It reminds me of the complexity and layeredness of reading as a skill and as a composite of attitudes and learned behaviours and history.

As Seamus Heaney says in his essay The Government of the Tongue ‘[the poem] does not say to the accusing crowd or to the helpless accused, ‘Now a solution will take place’, it does not propose to be instrumental or effective. Instead, in the rift between what is going to happen and whatever we would wish to happen, poetry holds attention for a space, functions not as distraction but as pure concentration, a focus where our power to concentrate is concentrated back on ourselves’ (The Governement of the Tongue, p.108).

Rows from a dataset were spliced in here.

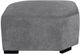 Porter International Designs Clayton Aluminum Gray Ottoman-2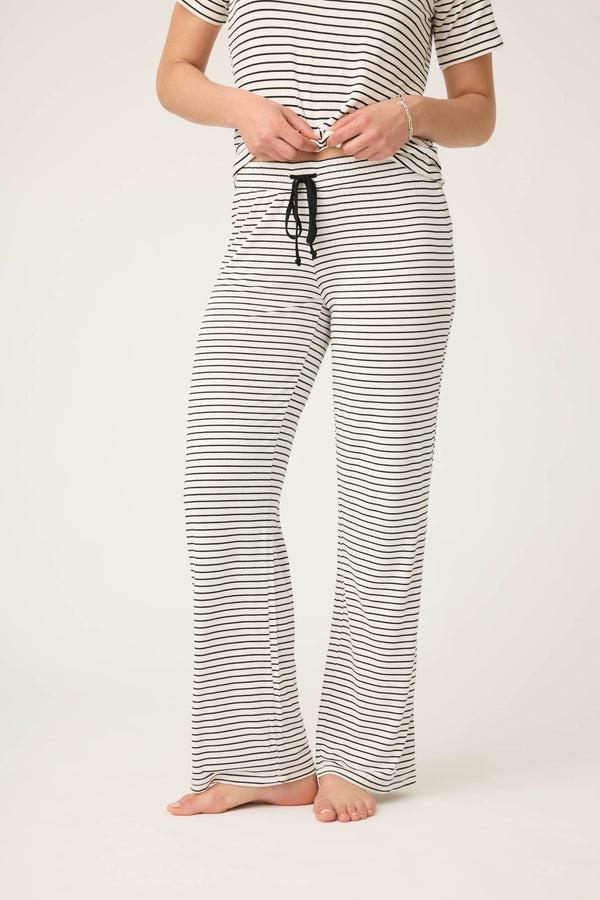 P.j. Salvage Modal Basics Striped PJ Pant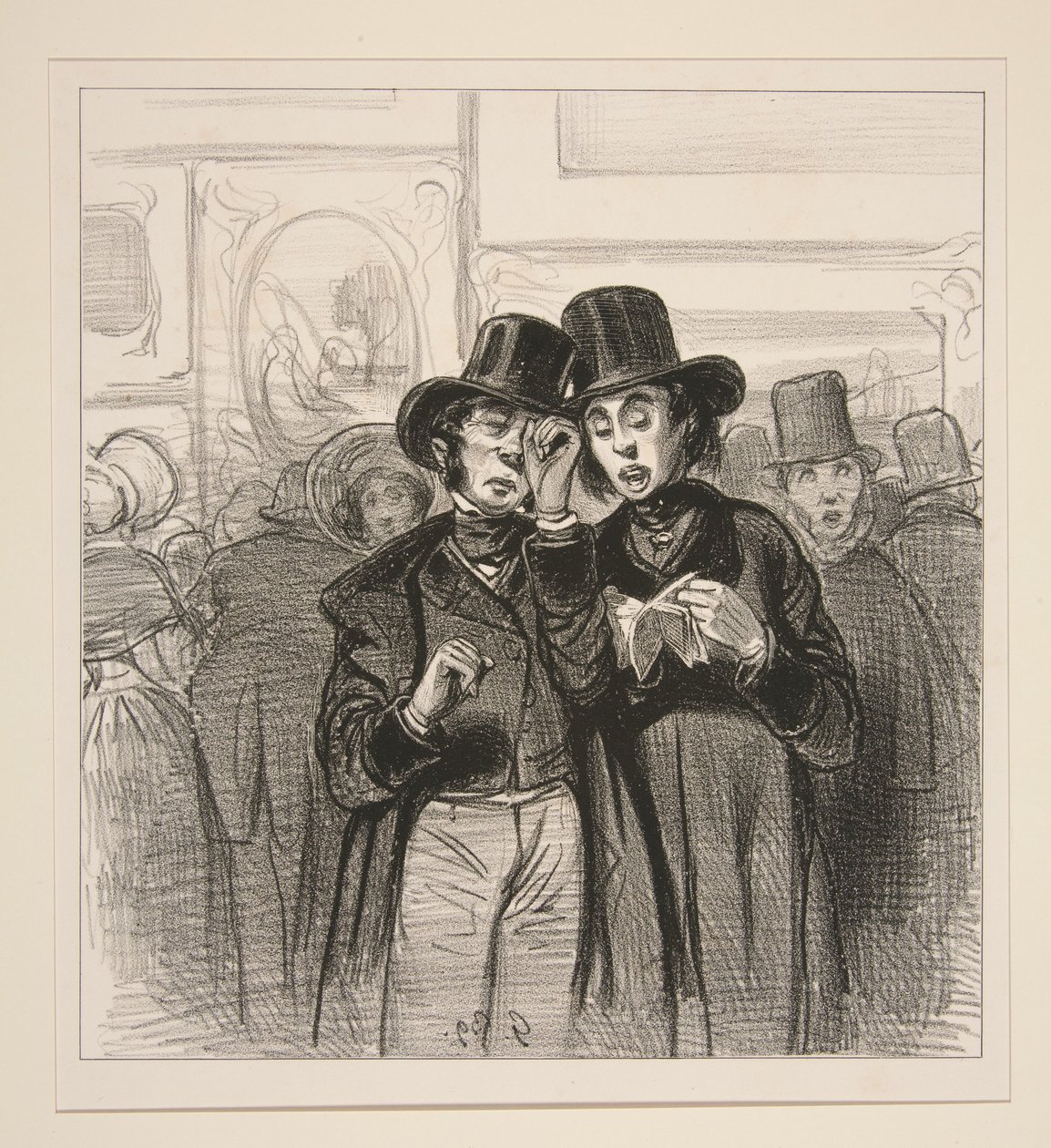 482...Le comte de T. et sa famille.... - Paul Gavarni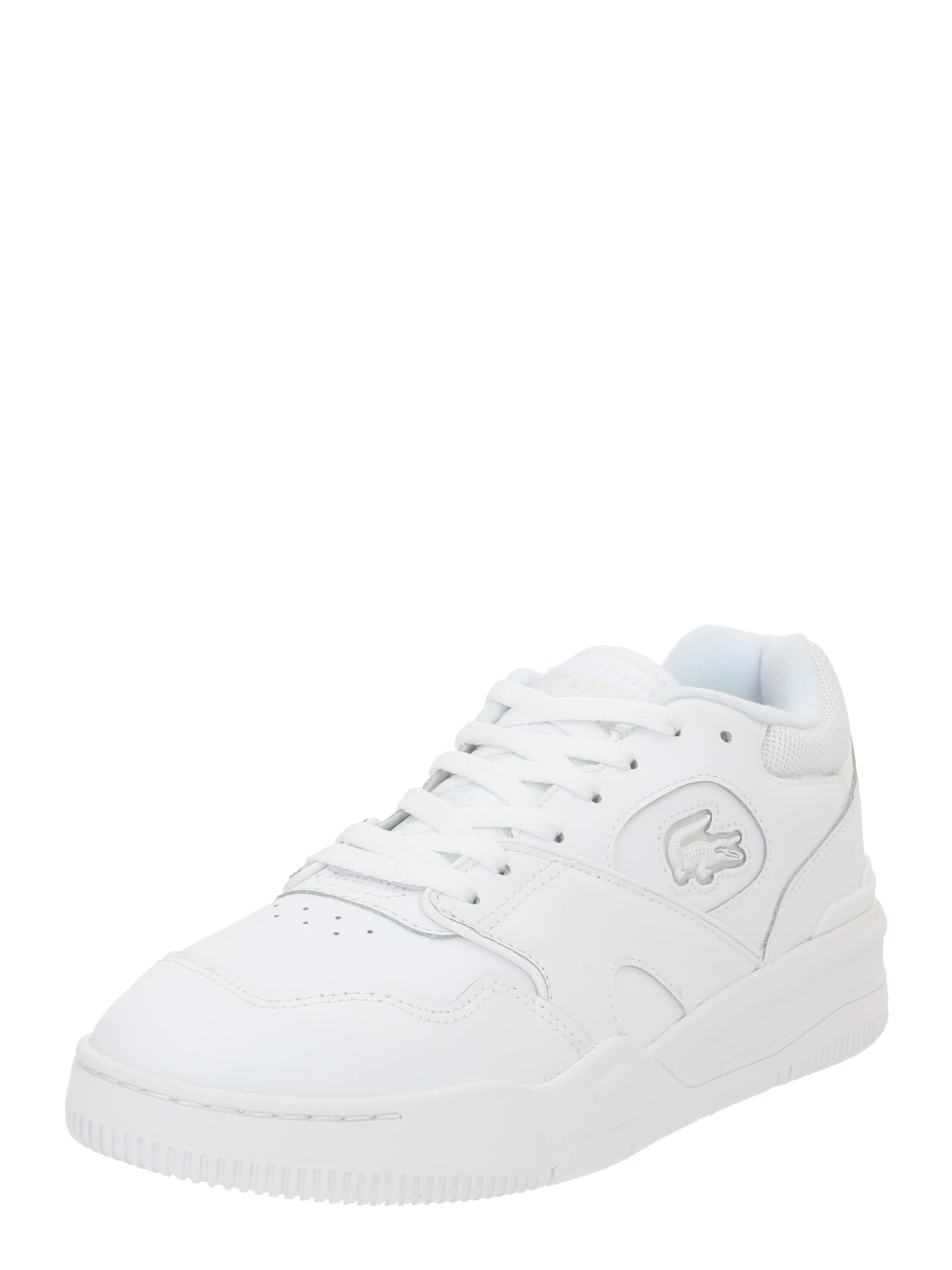 LACOSTE Platform trainers in White: front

The Voice You Hear When You Read Silently

is not silent, it is a speaking-
out-loud voice in your head; it is spoken,
a voice is saying it
as you read. It’s the writer’s words,
of course, in a literary sense
his or her voice but the sound
of that voice is the sound of your voice.
Not the sound your friends know
or the sound of a tape played back
but your voice
caught in the dark cathedral
of your skull, your voice heard
by an internal ear informed by internal abstracts
and what you know by feeling,
having felt. It is your voice
saying, for example, the word “barn”
that the writer wrote
but the “barn” you say
is a barn you know or knew. The voice
in your head, speaking as you read,
never says anything neutrally- some people
hated the barn they knew,
some people love the barn they know
so you hear the word loaded
and a sensory constellation
is lit: horse-gnawed stalls,
hayloft, black heat tape wrapping
a water pipe, a slippery
spilled chirr of oats from a split sack,
the bony, filthy haunches of cows…
And “barn” is only a noun- no verb
or subject has entered into the sentence yet!
The voice you hear when you read to yourself
is the clearest voice: you speak it
speaking to you.

Thomas Lux from New and Selected Poems: 1975-1995 (Mariner Books)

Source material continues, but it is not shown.